Вторая помидора лежит покрытая крупными, холодными каплями страха. Но прекрасная хищница без колебаний отправляет её вслед за первой.
 Огурцы покорно ждут своей очереди. Оказаться в кишащем зубами рту им представляется не так страшно, как там куда их прописывает своим пациентам доктор Попов. (не знаю куда правильно ударение). Из-за него каждый огурец теперь рождается с генетической ненавистью к народной медицине и завистью к кабачкам.
 Распалённая кровопролитием семьи Томаттино, моя донна, как голодная пиранья, без объявления войны принимается за клан Огуреццио. Впивается  белыми зубами в зелёную плоть и хищно откусывает половину. Её хрумканье звучит похоронной музыкой всем, кто ещё остался.
 Яйца лежат не дышат. Ждут. Они единственные кому кажется, что их вытащили не просто так, а что бы выведать главный секрет, который хранят все яйца планеты: кто же всё-таки первый - они или курица.  Но их так просто не расколоть. Из них каждый второй мог стать крутым. Их понятия тверды, как скорлупа от блендамета. У них омерта и маман сидела когда они ещё не родились. А когда родились она опять села. И сейчас где-то сидит. Только они не знают где. Писем мать не пишет, потому что почерк как у куры лапой.
А папа… Впрочем про папу они предпочитают умалчивать. У него по жизни не всё сложилось правильно. Хотя они родителя не судят. Кто знает как там вышло...
Красавица между тем берёт одного и хрясь - ножом сверху разбивает его упрямство. Но он всё равно молчит. И тогда она не задерживаясь отправляет его на пытку раскалённой сковородой. Он шипит и отчаянно плюёт в мучительницу горячим маслом. В единственном глазу, застывает жёлтая тоска. Зелёная появиться, через две недели, когда он так и не съеденный будет обречённо следить за закатом на городской свалке и наблюдать как за его душу сражаются белые и чёрные ангелы – чайки и вороны.
Красавица берёт второго и так же ножом по твёрдости – хрясь…
Матерно шипя он растекается по сковороде всем своим досрочно вылупившимся презрением к смерти. И тоже плюётся маслом. Попадает прямо в красивый не знающий пощады глаз мучительницы. Глаз отвечает скупой слезой. А мучительница первым, что попалось под руку острым – перцем чили. И затем с садистским удовольствием посыпает раны обидчика солью.
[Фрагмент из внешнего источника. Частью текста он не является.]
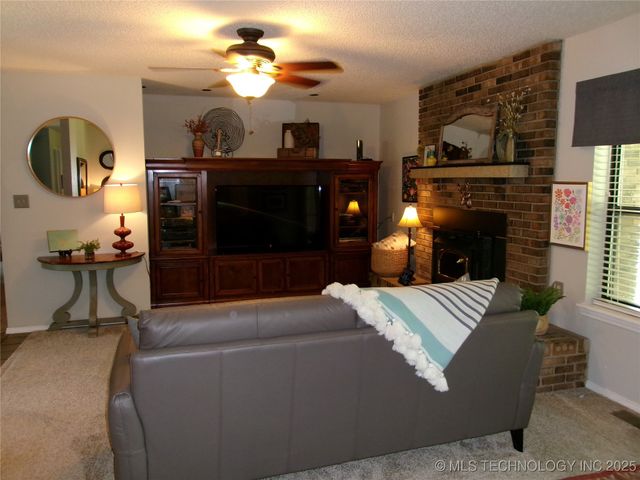 614 Hilltop Lane, Muskogee, OK 74403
В этот момент третье яйцо, презрев то, что самоубийцы в рай не войдут, катиться и с пасхальным звуком шлёпается на пол.  Кухня наполняется запахом суицида.
Красавица ахает и бросается в ванну. Приносит тряпку и быстро затирает следы на месте преступления.
А когда встаёт то видит свой завтрак несъедобно подгоревшим.
Самоубийца-герой отомстил за себя и за братьев.
Всё зло со сковородки отправляется в мусор.
Хищница питается овощами и как ни в чём не бывало притворяясь лапушкой идёт нежно будить меня. А я не сплю, лежу и думаю: Боже мой откуда в этом ангеле столько жестокости? Но ничего ей не говорю.
Только утро подглядевшее всё в не зашторенное окно и ставшее единственным свидетелем её зла, хмуриться серыми тучами и собирается оплакать долгим и грустным проливным дождём, тех, кого уже не вернуть.